Nothing but the pictures should be left out when the entries below are duplicated.
BEGIN DATASET RECORDS
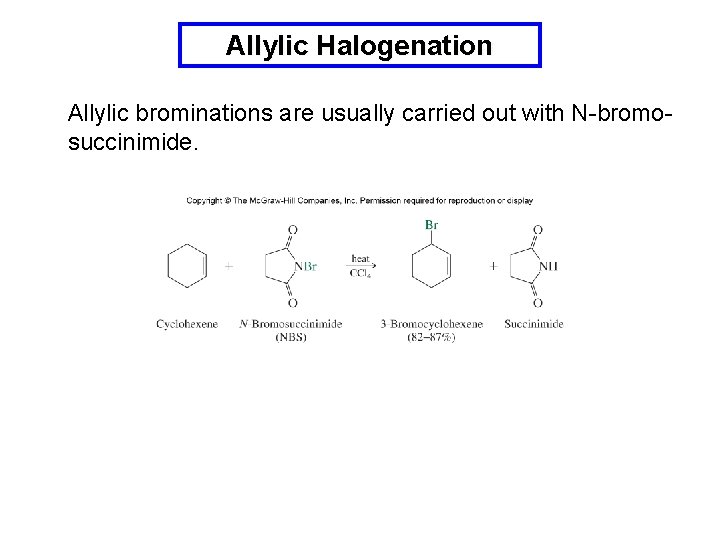 Allylic Halogenation Allylic brominations are usually carried out with N-bromosuccinimide. 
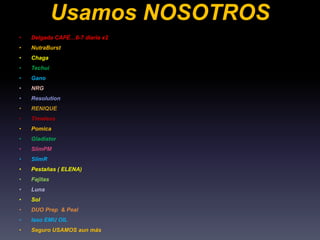 Usamos NOSOTROS
• Delgada CAFÉ…6-7 diaria x2
• NutraBurst
• Chaga
• Techui
• Gano
• NRG
• Resolution
• RENIQUE
• Timeless
• Pomica
• Gladiator
• SlimPM
• SlimR
• Pestañas ( ELENA)
• Fajitas
• Luna
• Sol
• DUO Prep & Peal
• Iaso EMU OIL
• Seguro USAMOS aun más
 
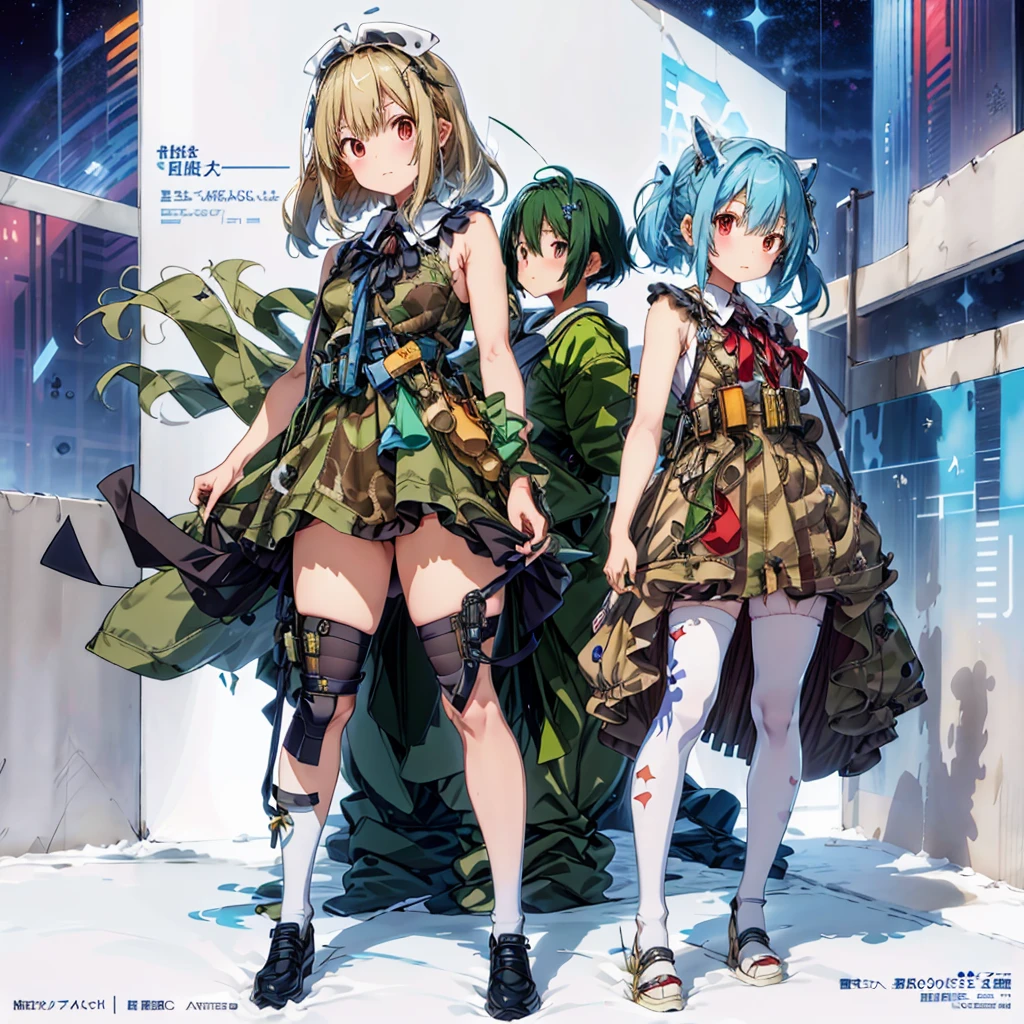 One girl、(masterpiece, highest quality、Official Art、The best configuration、Award-winning works、The best composition with great attention to detail), (Thin Hair), Very detailed, Anime Style, alone, full length, Concept Art,Self-Defense Forces　ak47 tank,Camouflage、  Super huge, Tall and stylish, Very large.、White Background, full lengthに立って, Standing firm on the desolate ground,fsgzisksk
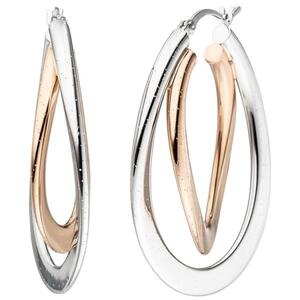 Creolen oval 925 Silber bicolor teilrotvergoldet mit Glitzereffekt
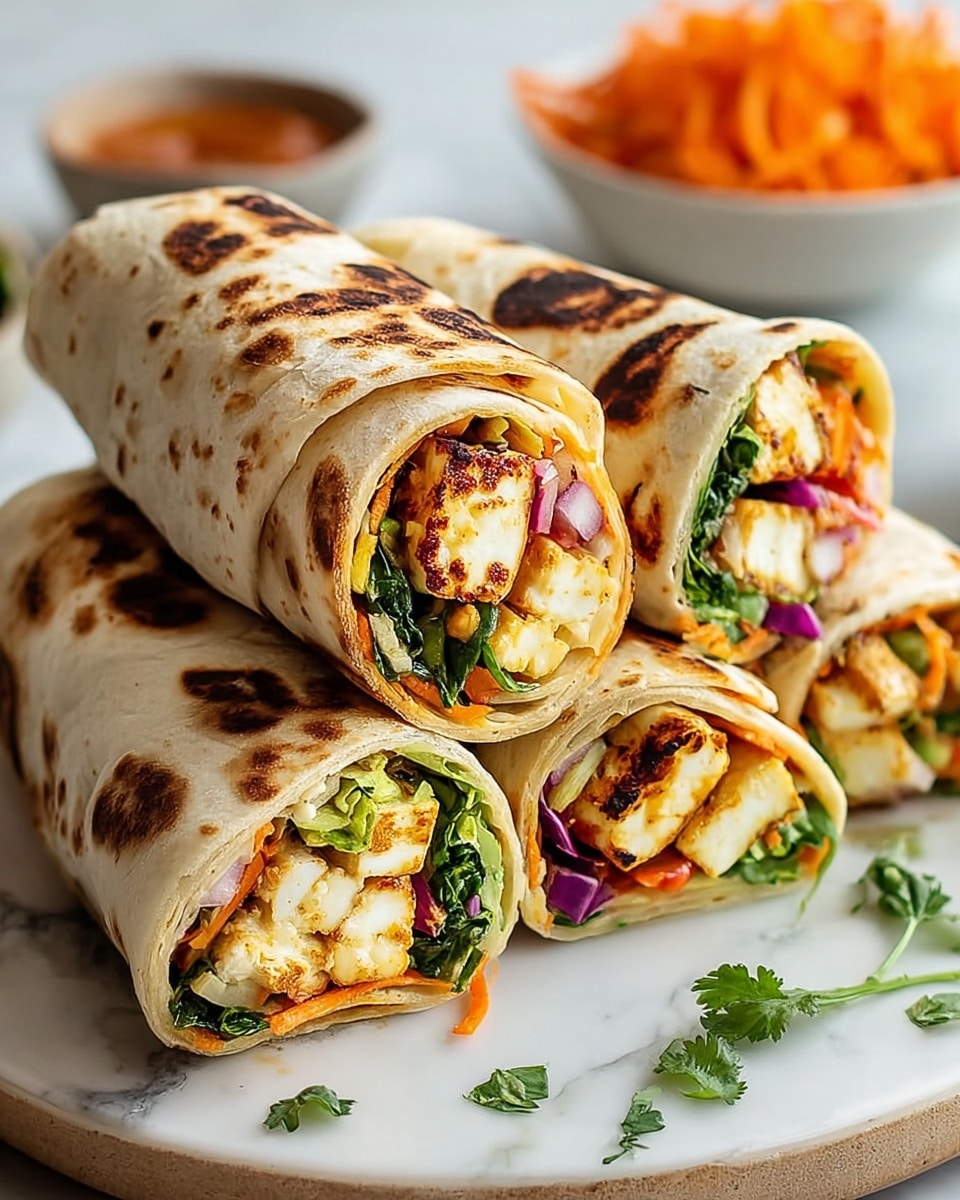 Three grilled wraps stacked on a white plate with a white marbled texture surface. Each wrap shows a visible cross-section filled with three layers: the first layer is golden-brown grilled paneer cubes with dark char marks; the second layer is fresh green lettuce leaves mixed with some leafy cilantro; the third layer is thin slices of purple onion and small bits of orange carrot. The wraps have a lightly toasted outer shell with dark brown char spots. A small sprig of cilantro lies beside the wraps on the plate. Photo taken with an iphone --ar 4:5 --v 7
END DATASET RECORDS
RESULT OF THE TASK —
 Allylic Halogenation Allylic brominations are usually carried out with N-bromosuccinimide. 
 Usamos NOSOTROS
• Delgada CAFÉ…6-7 diaria x2
• NutraBurst
• Chaga
• Techui
• Gano
• NRG
• Resolution
• RENIQUE
• Timeless
• Pomica
• Gladiator
• SlimPM
• SlimR
• Pestañas ( ELENA)
• Fajitas
• Luna
• Sol
• DUO Prep & Peal
• Iaso EMU OIL
• Seguro USAMOS aun más
 
 One girl、(masterpiece, highest quality、Official Art、The best configuration、Award-winning works、The best composition with great attention to detail), (Thin Hair), Very detailed, Anime Style, alone, full length, Concept Art,Self-Defense Forces　ak47 tank,Camouflage、  Super huge, Tall and stylish, Very large.、White Background, full lengthに立って, Standing firm on the desolate ground,fsgzisksk
 Creolen oval 925 Silber bicolor teilrotvergoldet mit Glitzereffekt
 Three grilled wraps stacked on a white plate with a white marbled texture surface. Each wrap shows a visible cross-section filled with three layers: the first layer is golden-brown grilled paneer cubes with dark char marks; the second layer is fresh green lettuce leaves mixed with some leafy cilantro; the third layer is thin slices of purple onion and small bits of orange carrot. The wraps have a lightly toasted outer shell with dark brown char spots. A small sprig of cilantro lies beside the wraps on the plate. Photo taken with an iphone --ar 4:5 --v 7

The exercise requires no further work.